Dell is reportedly planning to offer more than $27 a share for EMC in what would be a massive leveraged buyout.
According to CNBC, the deal would be about a week away and Dell has to line up $40 billion in financing. The general idea is that Dell would buy EMC and keep control in VMware.
The Wall Street Journal first reported that EMC and Dell were doing a merger dance.
EMC has been evaluating strategic alternatives and looking at everything from a reverse merger where VMware, which is majority owned by the storage giant, could buy EMC, to bringing VMware in-house.
The rationale for the EMC-Dell combination is straightforward:
- The companies would have more scale and be able to play in nearly every aspect of the data center.
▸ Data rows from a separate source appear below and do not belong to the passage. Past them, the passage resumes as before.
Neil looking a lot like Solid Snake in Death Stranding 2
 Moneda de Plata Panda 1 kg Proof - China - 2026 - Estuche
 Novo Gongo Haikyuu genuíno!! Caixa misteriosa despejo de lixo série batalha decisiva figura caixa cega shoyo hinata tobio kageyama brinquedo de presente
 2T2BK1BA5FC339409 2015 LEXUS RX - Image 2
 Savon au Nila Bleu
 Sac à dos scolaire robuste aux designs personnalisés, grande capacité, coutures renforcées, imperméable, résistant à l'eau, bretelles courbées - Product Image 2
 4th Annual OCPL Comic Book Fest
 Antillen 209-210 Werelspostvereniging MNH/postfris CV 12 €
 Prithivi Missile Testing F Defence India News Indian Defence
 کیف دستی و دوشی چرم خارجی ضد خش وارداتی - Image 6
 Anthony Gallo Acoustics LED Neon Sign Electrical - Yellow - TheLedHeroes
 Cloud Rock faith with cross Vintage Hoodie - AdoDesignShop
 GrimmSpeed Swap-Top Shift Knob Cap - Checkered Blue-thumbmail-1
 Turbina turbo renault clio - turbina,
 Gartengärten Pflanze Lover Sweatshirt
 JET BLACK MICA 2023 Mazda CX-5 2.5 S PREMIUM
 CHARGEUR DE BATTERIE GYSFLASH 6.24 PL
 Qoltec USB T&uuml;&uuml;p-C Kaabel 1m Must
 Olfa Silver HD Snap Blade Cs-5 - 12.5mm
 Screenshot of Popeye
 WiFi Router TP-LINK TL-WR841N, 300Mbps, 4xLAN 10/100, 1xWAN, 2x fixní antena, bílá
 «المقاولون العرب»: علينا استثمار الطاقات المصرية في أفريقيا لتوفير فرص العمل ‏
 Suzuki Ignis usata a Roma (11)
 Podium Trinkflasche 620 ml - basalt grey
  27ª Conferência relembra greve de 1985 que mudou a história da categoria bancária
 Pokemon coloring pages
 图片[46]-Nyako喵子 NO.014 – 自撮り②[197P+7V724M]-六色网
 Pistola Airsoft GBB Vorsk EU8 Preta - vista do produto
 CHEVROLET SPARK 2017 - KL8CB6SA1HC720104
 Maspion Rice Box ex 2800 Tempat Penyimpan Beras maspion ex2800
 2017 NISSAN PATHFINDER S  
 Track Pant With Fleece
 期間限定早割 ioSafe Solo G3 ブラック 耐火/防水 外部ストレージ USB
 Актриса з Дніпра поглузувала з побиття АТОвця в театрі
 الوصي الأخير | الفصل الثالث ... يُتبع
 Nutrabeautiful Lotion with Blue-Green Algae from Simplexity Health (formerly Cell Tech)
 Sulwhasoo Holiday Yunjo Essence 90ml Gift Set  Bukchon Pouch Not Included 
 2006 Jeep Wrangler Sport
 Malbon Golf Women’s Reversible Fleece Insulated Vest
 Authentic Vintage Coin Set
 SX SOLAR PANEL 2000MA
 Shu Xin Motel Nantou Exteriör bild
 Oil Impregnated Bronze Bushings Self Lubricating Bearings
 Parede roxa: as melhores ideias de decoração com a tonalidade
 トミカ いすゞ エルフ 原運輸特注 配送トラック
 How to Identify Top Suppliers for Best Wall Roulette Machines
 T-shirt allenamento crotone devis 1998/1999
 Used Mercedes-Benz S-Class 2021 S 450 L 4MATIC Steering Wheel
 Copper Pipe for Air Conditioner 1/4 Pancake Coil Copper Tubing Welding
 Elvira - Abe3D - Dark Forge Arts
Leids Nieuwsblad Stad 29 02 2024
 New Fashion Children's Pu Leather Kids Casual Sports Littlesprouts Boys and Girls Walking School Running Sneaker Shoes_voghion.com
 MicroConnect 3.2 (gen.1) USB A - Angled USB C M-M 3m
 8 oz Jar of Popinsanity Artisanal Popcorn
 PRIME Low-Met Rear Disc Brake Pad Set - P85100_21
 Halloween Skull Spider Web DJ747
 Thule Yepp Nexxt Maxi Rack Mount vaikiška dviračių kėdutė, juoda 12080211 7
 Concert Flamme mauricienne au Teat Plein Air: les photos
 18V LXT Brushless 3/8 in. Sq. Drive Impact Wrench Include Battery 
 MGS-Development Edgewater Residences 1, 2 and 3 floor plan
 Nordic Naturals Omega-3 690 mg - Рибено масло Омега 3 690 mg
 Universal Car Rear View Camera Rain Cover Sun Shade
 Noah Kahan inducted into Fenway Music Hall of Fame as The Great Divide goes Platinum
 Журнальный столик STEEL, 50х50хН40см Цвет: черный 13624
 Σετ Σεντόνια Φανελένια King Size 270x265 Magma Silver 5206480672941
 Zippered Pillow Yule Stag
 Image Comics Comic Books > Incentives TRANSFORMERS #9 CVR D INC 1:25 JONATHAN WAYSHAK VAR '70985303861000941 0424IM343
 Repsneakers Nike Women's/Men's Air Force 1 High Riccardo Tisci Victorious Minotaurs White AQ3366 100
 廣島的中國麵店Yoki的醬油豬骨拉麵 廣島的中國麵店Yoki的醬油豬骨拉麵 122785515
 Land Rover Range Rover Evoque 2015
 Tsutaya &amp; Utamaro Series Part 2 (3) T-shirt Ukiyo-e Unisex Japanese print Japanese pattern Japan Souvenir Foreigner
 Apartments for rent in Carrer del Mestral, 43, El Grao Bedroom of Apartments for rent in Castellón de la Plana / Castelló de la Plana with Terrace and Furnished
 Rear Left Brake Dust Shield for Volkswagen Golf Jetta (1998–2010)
- Dell would get real software assets via ownership of VMware and EMC's capabilities.
- The combined companies would have a better converged infrastructure story since EMC also has VNX.
- Both companies could cobble together a decent services organization to better sell hardware and software bundles.
Of course, there's a catch. The combined EMC-Dell would be massive yet lack a public cloud story. EMC and Dell would be all about building private clouds and hybrid architecture. The big hole EMC and Dell would have is a public cloud to combine the private infrastructure. IBM has SoftLayer.
In other words, EMC and Dell could combine in one of the largest leveraged buyouts ever and still be run over by hyperscale cloud providers such as Amazon Web Services and Microsoft and lack the hybrid play that IBM touts. HP Enterprise would aim to pounce on the fear, uncertainty and doubt surrounding a Dell-EMC merger. Much of that FUD would revolve around the combined EMC-Dell's ability to fund innovation with what will be a heavy debt load.
The EMC-Dell situation is fluid and there are multiple options that could be in play. Credit Suisse analyst Kulbinder Garcha said in a research note:
We believe there are many avenues for Dell to pursue (financing permitting). 1) Dell could buy the whole of EMC, which, given EMC's market cap of about $50bn, would be a large transaction. 2) Dell could acquire EMC and spinoff one of the assets. 3) Dell could buy just the storage asset of EMC, EMC II, essentially breaking up the federation.
Dell went private to transform from a reliance on PC to more soup-to-nuts infrastructure, services and software. Financially, the time is right for Dell to ponder a leveraged buyout due to low interest rates. What's unclear is whether Wall Street has the appetite to fund a leveraged buyout that large at a low rate.
It wouldn't be crazy to Cisco to ponder an EMC purchase too. EMC with VMware would be a strong asset for most of the IT megavendors.
Should Dell pull off an EMC merger, it's clear that the IT vendor landscape would shift. HP Enterprise, which is about to split from its PC and printer sibling, is downsizing to be more nimble. EMC and Dell would go in the opposite direction.
Jefferies analyst James Kisner noted the scale from EMC and Dell would likely mean more consolidation.
We see increased scale as the main benefit from a combination. Dell and EMC are increasingly competing with the likes of Amazon, Google, Microsoft, and others that have deep pockets; becoming larger would make Dell and EMC of greater strategic importance to their customers. Secondly, a combination would allow Dell+EMC to provide a more compete private cloud stack. While Dell is not as significant a player in networking as HP Enterprise, Dell's server position and software could prove useful (servers could be used in hyper converged appliances, for example). We believe enterprise customers want their private cloud vendors to be able to provide an easily integrated and scalable private cloud stack that ideally is also interoperable with other vendors' stacks. This combination would at least increase EMC's breadth.